How to use Claude thinking tokens

Quick answer

Claude thinking tokens are special tokens used internally by Anthropic's Claude models to represent intermediate reasoning steps, enabling clearer and more structured thought processes. To leverage them, use the Claude models like claude-3-5-sonnet-20241022 with prompts that encourage step-by-step reasoning or chain-of-thought, which triggers the model to generate these tokens implicitly for better reasoning outputs.

PREREQUISITES

Python 3.8+
Anthropic API key
pip install anthropic>=0.20

Setup

Install the Anthropic Python SDK and set your API key as an environment variable to access Claude models.

bash

pip install anthropic>=0.20

import os
import anthropic

client = anthropic.Anthropic(api_key=os.environ["ANTHROPIC_API_KEY"])

Step by step

Use the claude-3-5-sonnet-20241022 model with prompts that explicitly ask for step-by-step reasoning. This encourages the model to generate internal thinking tokens that improve reasoning clarity.

python

import os
import anthropic

client = anthropic.Anthropic(api_key=os.environ["ANTHROPIC_API_KEY"])

system_prompt = "You are a helpful assistant that explains reasoning step-by-step."
user_prompt = "Explain how to solve 24 divided by 3, showing your thinking steps."

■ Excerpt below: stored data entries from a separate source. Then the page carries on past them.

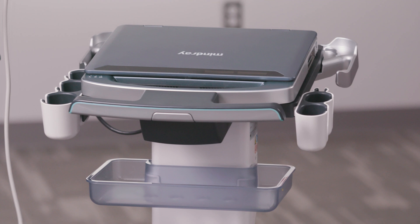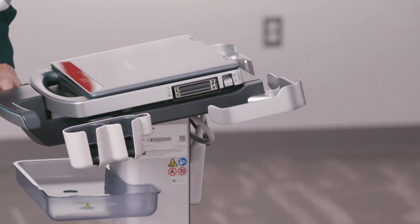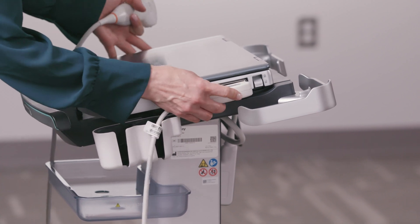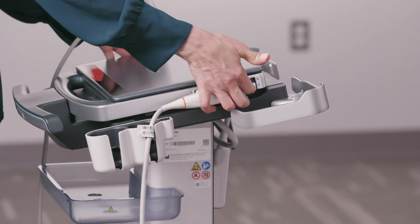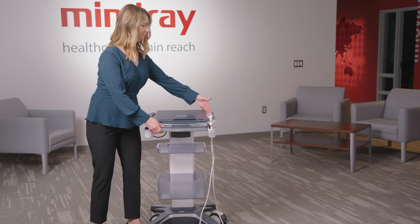Let's go over the system setup. Connect the ultrasound transducer of choice to the probe port on the right side of the system. Align the prongs with the port and lock into place with the cord facing the front of the system. If using a probe extend module, it will be connected here.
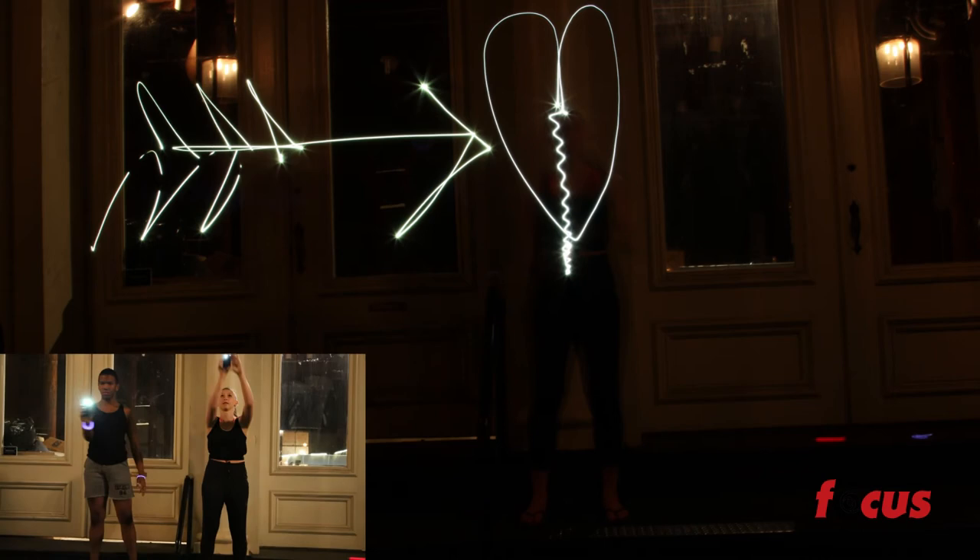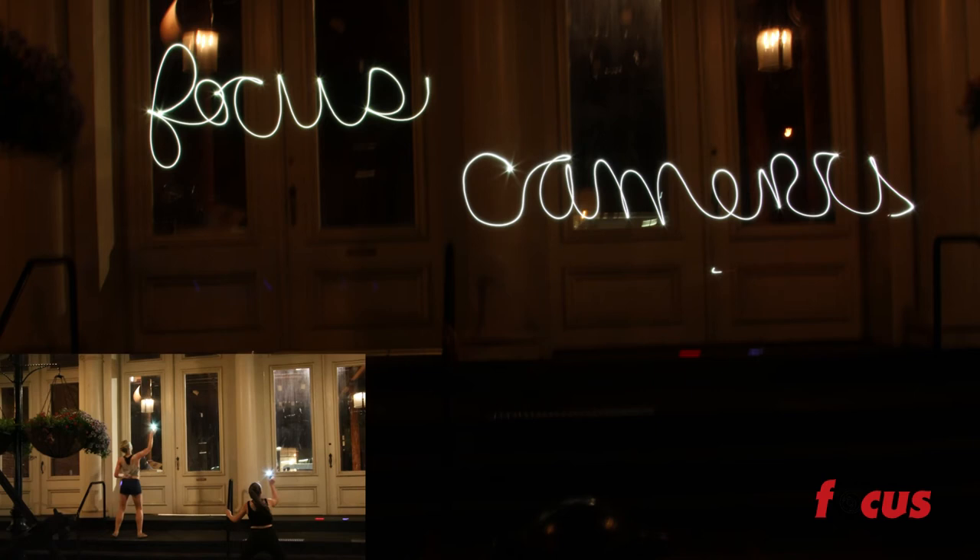There you have it for light painting photography. Remember to keep your shutter speed really low, make sure it's really dark, make sure you have a tripod and you should be fine. Play around with the light. Don't forget to subscribe and like this video. I'll see you next time on Focus Camera TV.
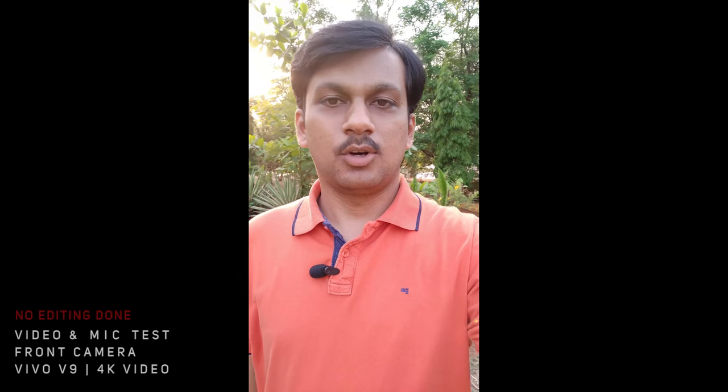Hey guys, welcome to another video. So this is the 4K portrait mode, 4K video resolution from the portrait mode, from the front-facing camera of the Vivo V9. I hope it helps you decide if you're looking for this portrait mode to capture 4K video from the portrait camera.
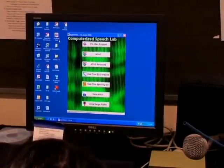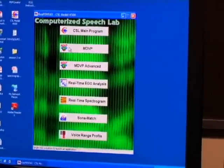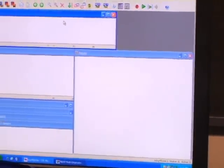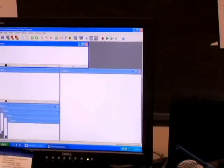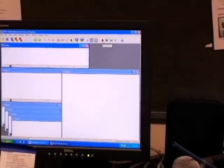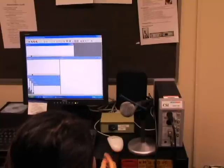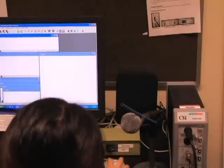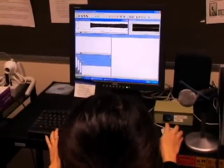A window with different program options will pop up on the screen. Click on MDVP. This will take you to a screen with many blank windows. Click on the top window on the upper left of the screen. Now you're ready to record. Click the red button located at the top right of the screen. Speak AH into the microphone for at least 3 consecutive seconds. For most accurate results your mouth should be 5 cm away from the microphone. Notice we have added the straw for accurate measurement. Keep your finger on or near the spacebar on the keyboard to stop recording once an adequate sample is collected.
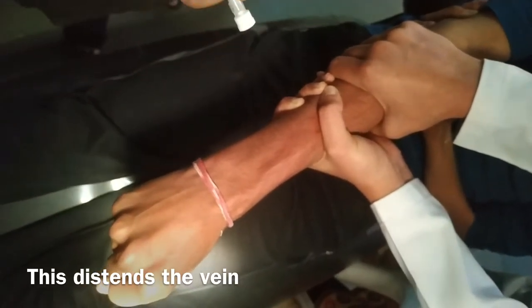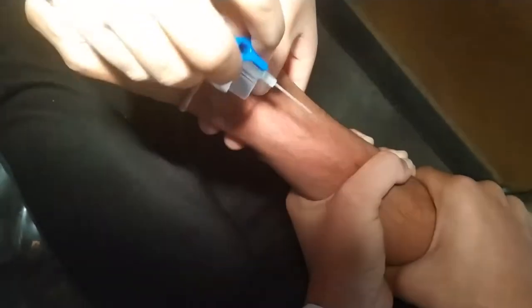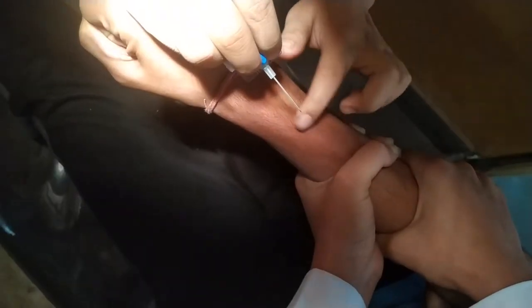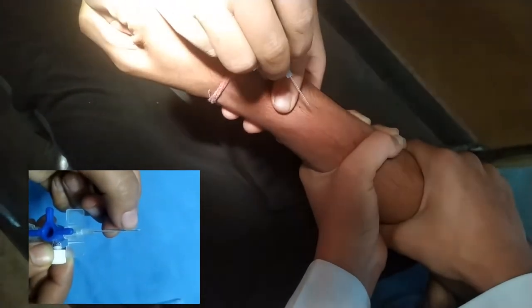Distend the vein and palpate it with your finger before inserting the cannula. Remember to stretch the skin, otherwise there will be movement. You can see here — stretch it properly. Whenever you insert the cannula, the bevel should always face upwards.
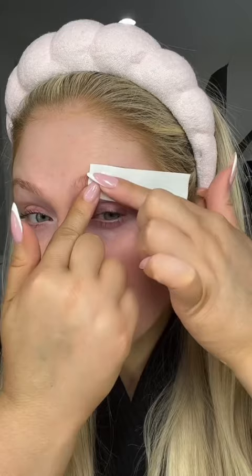Just click some out and then you want to put it in the direction that your brow hair grows. They even give you the little wax strips too. Place the wax strip on and press it down, then pull in the opposite direction and you're done.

response = client.messages.create(
    model="claude-3-5-sonnet-20241022",
    max_tokens=300,
    system=system_prompt,
    messages=[{"role": "user", "content": user_prompt}]
)

print(response.content[0].text)

output

Step 1: Understand the problem: We need to divide 24 by 3.
Step 2: Recall division basics: Dividing means splitting into equal parts.
Step 3: Calculate: 24 divided by 3 equals 8.
Answer: 8

Common variations

You can use asynchronous calls or different Claude models like claude-sonnet-4-5 for similar reasoning tasks. Adjust max_tokens and prompt style to optimize the thinking token usage.

python

import asyncio
import os
import anthropic

client = anthropic.Anthropic(api_key=os.environ["ANTHROPIC_API_KEY"])

async def async_reasoning():
    response = await client.messages.acreate(
        model="claude-sonnet-4-5",
        max_tokens=300,
        system="You are a reasoning assistant.",
        messages=[{"role": "user", "content": "Explain the steps to find the square root of 81."}]
    )
    print(response.content[0].text)

asyncio.run(async_reasoning())

output

Step 1: Understand the problem: Find the square root of 81.
Step 2: Recall that the square root of a number is a value that, when multiplied by itself, gives the original number.
Step 3: Calculate: 9 times 9 equals 81.
Answer: 9

Troubleshooting

If the model output lacks detailed reasoning, try explicitly prompting for step-by-step explanations or increase max_tokens. Also, ensure you use the latest Claude models that support thinking tokens effectively.

Key Takeaways

Use Claude models with prompts that request step-by-step reasoning to trigger thinking tokens.
Thinking tokens are internal to Claude and improve reasoning clarity without explicit user handling.
Adjust prompt style and token limits to optimize reasoning output quality.
Use the latest Claude models like claude-3-5-sonnet-20241022 for best results.
Async calls and different Claude variants support thinking tokens similarly.

Verified 2026-04 · claude-3-5-sonnet-20241022, claude-sonnet-4-5

Verify ↗

Community Notes

No notes yetBe the first to share a version-specific fix or tip.